*Work request*. Repeat exactly the opening lines of the records, ending with the line that contains "Bed & Breakfast".

Caption-style text data
++++++++++++++++++++
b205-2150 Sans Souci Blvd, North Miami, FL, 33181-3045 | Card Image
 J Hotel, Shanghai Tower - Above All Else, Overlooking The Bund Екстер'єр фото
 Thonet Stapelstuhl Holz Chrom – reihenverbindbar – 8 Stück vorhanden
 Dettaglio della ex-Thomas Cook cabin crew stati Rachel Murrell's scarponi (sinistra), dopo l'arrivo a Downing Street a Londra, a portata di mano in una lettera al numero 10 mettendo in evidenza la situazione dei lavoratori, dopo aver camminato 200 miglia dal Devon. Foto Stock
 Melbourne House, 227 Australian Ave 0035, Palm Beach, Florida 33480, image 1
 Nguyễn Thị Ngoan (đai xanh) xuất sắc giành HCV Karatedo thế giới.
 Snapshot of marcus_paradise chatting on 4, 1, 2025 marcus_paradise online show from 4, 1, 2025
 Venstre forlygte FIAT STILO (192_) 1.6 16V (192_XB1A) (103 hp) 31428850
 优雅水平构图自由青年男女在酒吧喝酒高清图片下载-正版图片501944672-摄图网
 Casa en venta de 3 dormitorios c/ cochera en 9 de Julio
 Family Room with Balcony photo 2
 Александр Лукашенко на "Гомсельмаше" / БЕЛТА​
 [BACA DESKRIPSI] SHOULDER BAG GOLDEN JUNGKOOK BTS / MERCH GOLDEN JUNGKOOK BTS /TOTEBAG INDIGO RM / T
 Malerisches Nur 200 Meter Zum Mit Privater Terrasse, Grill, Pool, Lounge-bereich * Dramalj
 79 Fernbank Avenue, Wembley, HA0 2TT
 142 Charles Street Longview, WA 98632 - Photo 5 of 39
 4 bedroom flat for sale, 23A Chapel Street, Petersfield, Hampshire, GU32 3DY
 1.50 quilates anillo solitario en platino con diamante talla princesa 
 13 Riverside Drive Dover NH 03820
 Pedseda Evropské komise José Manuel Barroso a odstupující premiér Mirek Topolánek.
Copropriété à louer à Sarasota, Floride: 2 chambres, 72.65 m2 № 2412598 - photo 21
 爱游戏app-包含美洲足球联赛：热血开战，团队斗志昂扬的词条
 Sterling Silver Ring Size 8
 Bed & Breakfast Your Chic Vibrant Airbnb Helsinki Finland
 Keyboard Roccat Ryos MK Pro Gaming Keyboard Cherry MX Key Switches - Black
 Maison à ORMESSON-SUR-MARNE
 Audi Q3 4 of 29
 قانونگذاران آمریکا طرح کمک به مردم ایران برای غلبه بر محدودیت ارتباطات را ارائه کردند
++++++++++++++++++++
*Result of the exercise*.
b205-2150 Sans Souci Blvd, North Miami, FL, 33181-3045 | Card Image
 J Hotel, Shanghai Tower - Above All Else, Overlooking The Bund Екстер'єр фото
 Thonet Stapelstuhl Holz Chrom – reihenverbindbar – 8 Stück vorhanden
 Dettaglio della ex-Thomas Cook cabin crew stati Rachel Murrell's scarponi (sinistra), dopo l'arrivo a Downing Street a Londra, a portata di mano in una lettera al numero 10 mettendo in evidenza la situazione dei lavoratori, dopo aver camminato 200 miglia dal Devon. Foto Stock
 Melbourne House, 227 Australian Ave 0035, Palm Beach, Florida 33480, image 1
 Nguyễn Thị Ngoan (đai xanh) xuất sắc giành HCV Karatedo thế giới.
 Snapshot of marcus_paradise chatting on 4, 1, 2025 marcus_paradise online show from 4, 1, 2025
 Venstre forlygte FIAT STILO (192_) 1.6 16V (192_XB1A) (103 hp) 31428850
 优雅水平构图自由青年男女在酒吧喝酒高清图片下载-正版图片501944672-摄图网
 Casa en venta de 3 dormitorios c/ cochera en 9 de Julio
 Family Room with Balcony photo 2
 Александр Лукашенко на "Гомсельмаше" / БЕЛТА​
 [BACA DESKRIPSI] SHOULDER BAG GOLDEN JUNGKOOK BTS / MERCH GOLDEN JUNGKOOK BTS /TOTEBAG INDIGO RM / T
 Malerisches Nur 200 Meter Zum Mit Privater Terrasse, Grill, Pool, Lounge-bereich * Dramalj
 79 Fernbank Avenue, Wembley, HA0 2TT
 142 Charles Street Longview, WA 98632 - Photo 5 of 39
 4 bedroom flat for sale, 23A Chapel Street, Petersfield, Hampshire, GU32 3DY
 1.50 quilates anillo solitario en platino con diamante talla princesa 
 13 Riverside Drive Dover NH 03820
 Pedseda Evropské komise José Manuel Barroso a odstupující premiér Mirek Topolánek.
Copropriété à louer à Sarasota, Floride: 2 chambres, 72.65 m2 № 2412598 - photo 21
 爱游戏app-包含美洲足球联赛：热血开战，团队斗志昂扬的词条
 Sterling Silver Ring Size 8
 Bed & Breakfast Your Chic Vibrant Airbnb Helsinki Finland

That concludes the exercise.